Barwick's first public pronouncements last Monday suggested a man on the ball. His priorities were defined as firstly, better communication between all levels of the sport, "one voice for one game"; and secondly, support for referees and a better example from top players, especially in matters of diving and dissent.

Both points proved positively prescient. At the first match he attended in his new capacity, voices - if not hands - were raised in the tunnel even before the start, Arsenal and England's left-back took an outrageous dive in the penalty area, Manchester United's England centre-forward swore at the referee umpteen times in 30 seconds and a United defender was sent off for a head-butt.

All these incidents were caught in glorious, close-up sound and vision by the television cameras of Mr Barwick's previous existence, which were then at Blackburn the following night for a second succcessive live game, capturing the champions-elect in a brawl that led to a disciplinary charge.

One more day and Arsenal's David Dein was on national radio railing against proposals by Uefa to limit the number of foreign imports, thereby encouraging greater opportunities for young players in their own country. It was a proposal that football associations, with the welfare of their national team at heart, might have been expected to welcome. But Dein was speaking in his capacity as vice-chairman of Arsenal, not of the FA, the latter a position that the forthcoming review of the organisation by Lord Burns ought to forbid any representative of a leading club to hold.

One game, one voice? The conflicts of interest between the top clubs and just about everyone else were defined as the most important issue of the day by a promising first edition of Radio 5 Live's new Football Think Tank on Thursday. Significantly, only one of the four panellists thought the FA had the will to stand up to the Premiership big boys.

Even the week's final controversy, about reshaping the FA Cup to help England's (anticipated) World Cup preparations next year, was shaped by the same battle-lines. It is not difficult to allow Sven Goran Eriksson and Fifa the four weeks they reasonably demand between the end of the domestic season and the start of the tournament.

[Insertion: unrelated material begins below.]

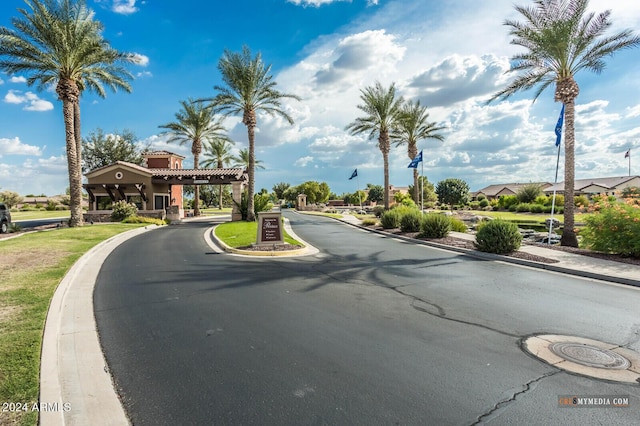 view of road featuring curbs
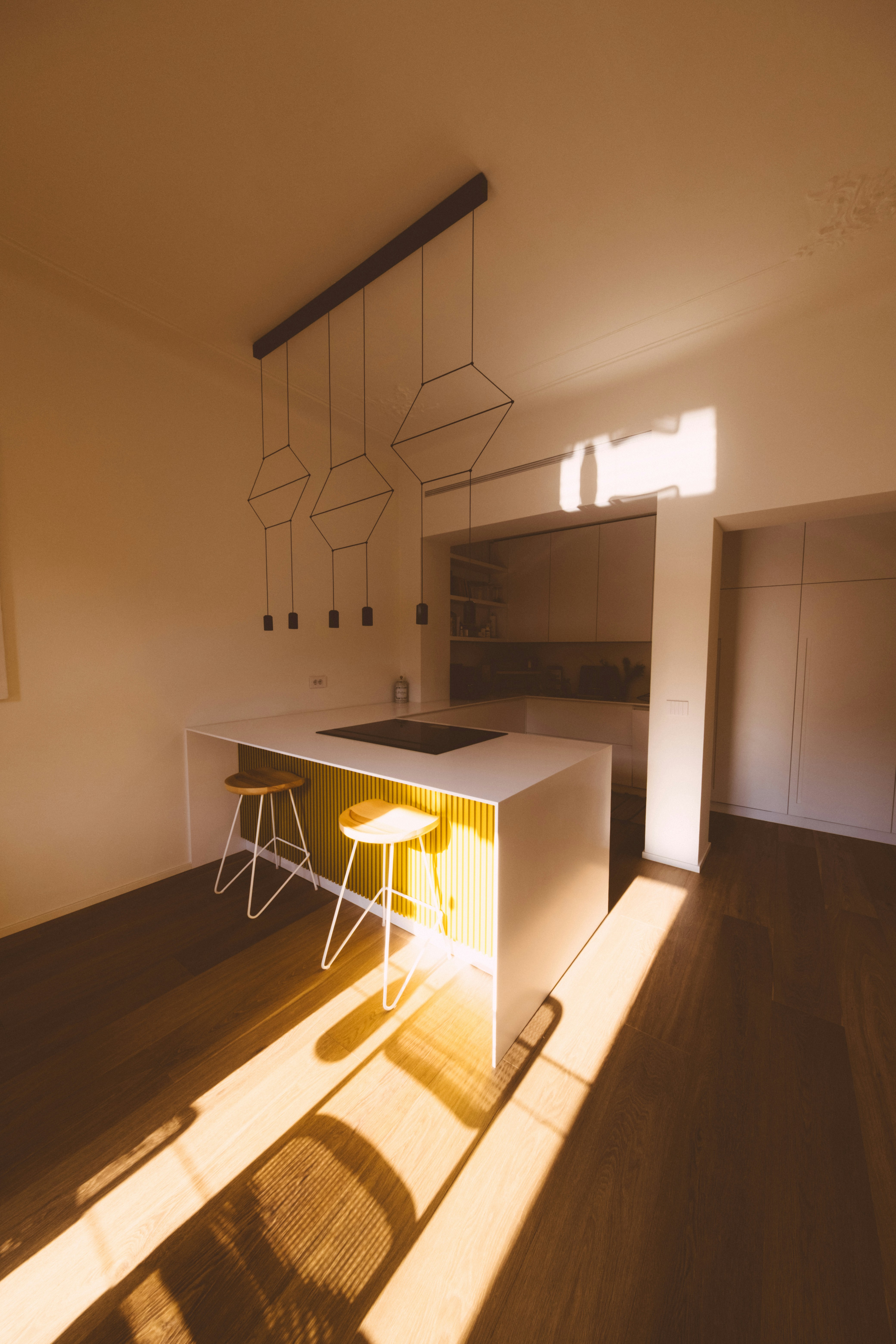 A modern kitchen island is illuminated by sunlight.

But instead of merely starting the campaign earlier, clubs with lucrative pre-season tours lined up in Asia and the United States would rather ditch FA Cup replays or contemplate the hitherto unthinkable notion of playing the final in midweek.

Barwick's second public address yesterday spoke only of "some short-term changes in the domestic football calendar", emphasising: "We must make sure everyone connected with the game gives Sven and his team the best possible chance to maximise their potential in Germany." Now his deeds must match those fine words.